Scully wollte sich gerade über die quasi-wissenschaftlichen Erklärungen des Revelator hermachen - sie war ebenso berühmt wie berüchtigt im ganzen alt.revelations.* Zweig für ihre harschen Kritiken - als auf einmal eine Nachricht im Radio ihre Aufmerksamkeit erregte.

"Wie gerade bekannt gegeben wurde, wurde heute am frühen Morgen Kardinal Verhoofen tot in seinem Zimmer aufgefunden. Wie Kirchenvertreten mitteilten, verstarb er friedlich während des Schlafes, über die genaue Todesursache wurden keine weiteren Informationen bekannt. Der aus der Region um Washington stammende Verhoofen galt stets als Vertreter für einen offene Kirche, die den Kontakt zu jeden einzelnen Gläubigen sucht und diesen aktiv am kirchlichen Leben teilhaben lässt. Auch in der Predigt, die er gestern abend während einer Messe hier in Washington, DC hielt, forderte er die Anwesenden dazu auf, offen aufeinander und auf die Kirche zuzugehen, um auf diese Weise christliches Nächstenliebe aufgrund von gegenseitiger Offenheit und Zuwendung praktizieren zu können."

Auf die Worte des Nachrichtensprecher folgte ein kurzer Auszug aus der erwähnten Predigt. Schon die ersten Worte ließen Scully erschaudern. Der Mann auf dem Videoband hatte zwar versucht, seine Stimme zu verstellen, aber sie erkannte dennoch sofort, dass diese im Radio mit der auf dem Video übereinstimmten. Kamen die Informationen, die Mulder erhalten hatte, etwa doch näher an die Wahrheit heran als sie gedacht hatte?

Wie auf ein geheimes Stimmwort betrat Mulder in diesem Moment, beladen mit mehreren Tüten Mittagessen, das Büro. Sofort bemerkte er die unbehagliche Stimmung von Scully, ließ die Tüten fallen und zog seine Waffe. Mit einem lauten Krach fiel das Essen auf dem Boden und verteilte sich dort augenblicklich.

Scully drehte sich rasch um. "Mulder! Was haben Sie getan? Wieso werfen sie all diese Köstlichkeiten auf den Boden, nur um ihre Waffe zu ziehen?"

Sichtlich erleichtert atmete Mulder laut aus und steckte seine Waffe zurück in den Halfter. "Tut mir leid, Scully, und das meine ich jetzt ehrlich. Ich durfte fast eine halbe Stunde auf diese Köstlichkeiten warten und habe dem Besitzer noch einige Dollar extra gegeben, um auch wirklich frische Zutaten zu bekommen.
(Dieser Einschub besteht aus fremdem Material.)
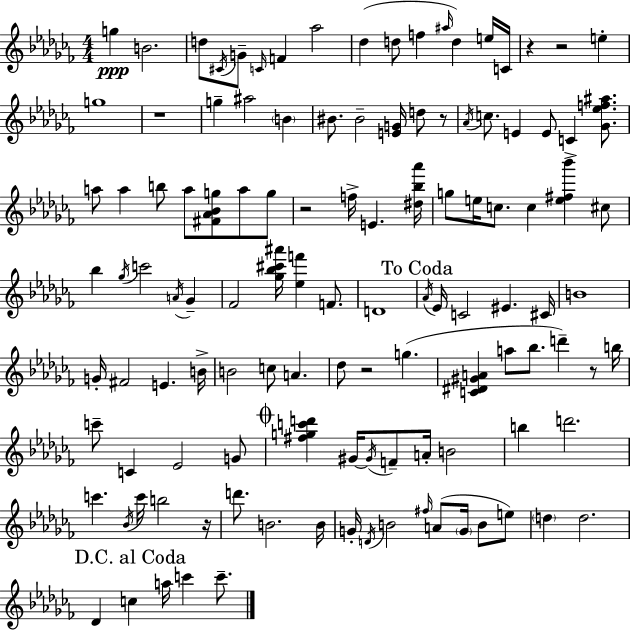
{
  \clef treble
  \numericTimeSignature
  \time 4/4
  \key aes \minor
  g''4\ppp b'2. | d''8 \acciaccatura { cis'16 } g'8-- \grace { c'16 } f'4 aes''2 | des''4( d''8 f''4 \grace { ais''16 }) d''4 | e''16 c'16 r4 r2 e''4-. | \break g''1 | r1 | g''4-- ais''2 \parenthesize b'4 | bis'8. bis'2-- <e' g'>16 d''8 | \break r8 \acciaccatura { aes'16 } c''8. e'4 e'8 c'4-> | <ges' ees'' f'' ais''>8. a''8 a''4 b''8 a''8 <fis' aes' bes' g''>8 | a''8 g''8 r2 f''16-> e'4. | <dis'' bes'' aes'''>16 g''8 e''16 c''8. c''4 <e'' fis'' bes'''>4 | \break cis''8 bes''4 \acciaccatura { ges''16 } c'''2 | \acciaccatura { a'16 } ges'4-- fes'2 <ges'' bes'' cis''' ais'''>16 <ees'' f'''>4 | f'8. d'1 | \mark "To Coda" \acciaccatura { aes'16 } ees'16 c'2 | \break eis'4. cis'16 b'1 | g'16-. fis'2 | e'4. b'16-> b'2 c''8 | a'4. des''8 r2 | \break g''4.( <c' dis' gis' a'>4 a''8 bes''8. | d'''4--) r8 b''16 c'''8-- c'4 ees'2 | g'8 \mark \markup { \musicglyph "scripts.coda" } <fis'' g'' c''' d'''>4 gis'16~~ \acciaccatura { gis'16 } f'8-- a'16-. | b'2 b''4 d'''2. | \break c'''4. \acciaccatura { bes'16 } c'''16 | b''2 r16 d'''8. b'2. | b'16 g'16-. \acciaccatura { d'16 } b'2 | \grace { fis''16 }( a'8 \parenthesize g'16 b'8 e''8) \parenthesize d''4 d''2. | \break \mark "D.C. al Coda" des'4 c''4 | a''16 c'''4 c'''8.-- \bar "|."
}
Aber warum sitzen sie dann hier umgeben von einer Aura, als befände sich ein Psychopath in der Nähe?"

"Der Grund ist einfach, Mulder. Ich habe gerade von dem Tod einer Ihrer Informanten erfahren."
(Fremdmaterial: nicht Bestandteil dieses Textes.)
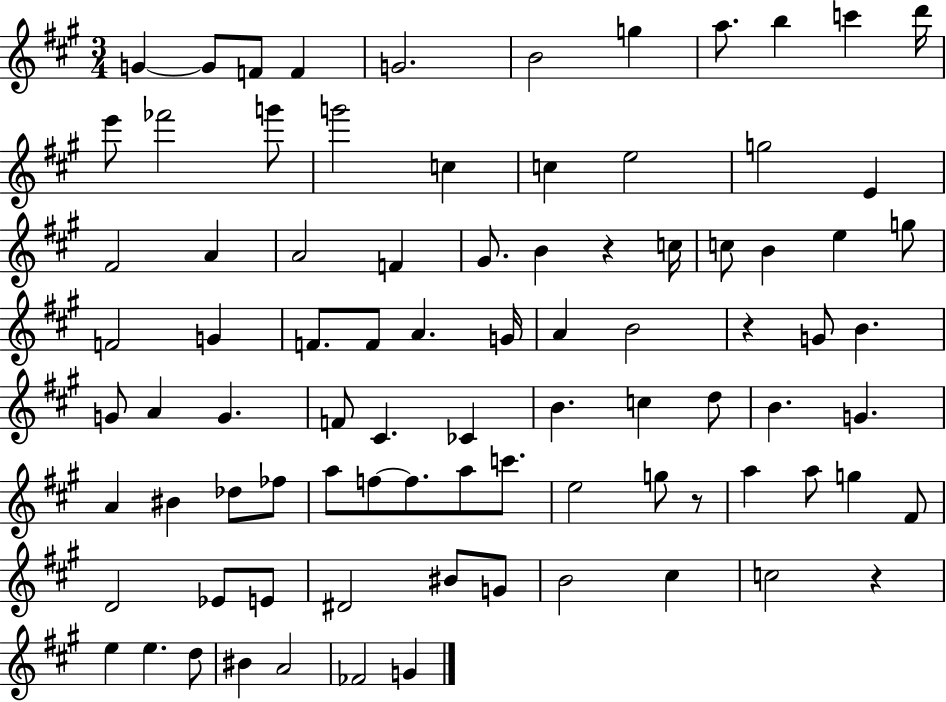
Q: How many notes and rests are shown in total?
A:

Sofort verzog Mulder seine Gesicht zu einer Grimasse. Scheinbar rechnete er nun mit dem schlimmsten. "Ist es einer der Lone Gunmen? Haben diese Schweine Langly, Frohike oder Byers beseitigt, weil sie zuviel wussten?"

"In der Richtung kann ich Sie beruhigen. Sie kennen das Opfer erst seit kurzem. In den Ein-Uhr-Nachrichten wurde gerade von dem plötzlichen Tod eines Kardinal, Kardinal Verhoofen genauer gesagt, hier in Washington berichtet. Er wurde heute morgen tot in seinem Zimmer aufgefunden. Angeblich ist er einem natürlichen Tod gestorben. Aber ich habe die Stimme des Mannes wiedererkannt. Sie war die ihres Informanten auf der Videokassette!"

Keine fünf Minuten später saßen Mulder und Scully bereits in ihrem Dienstwagen und kämpften sich durch den Verkehr der Hauptstadt.

"Wohin fahren wir nun genau, Mulder? Zu den Lone Gunmen?"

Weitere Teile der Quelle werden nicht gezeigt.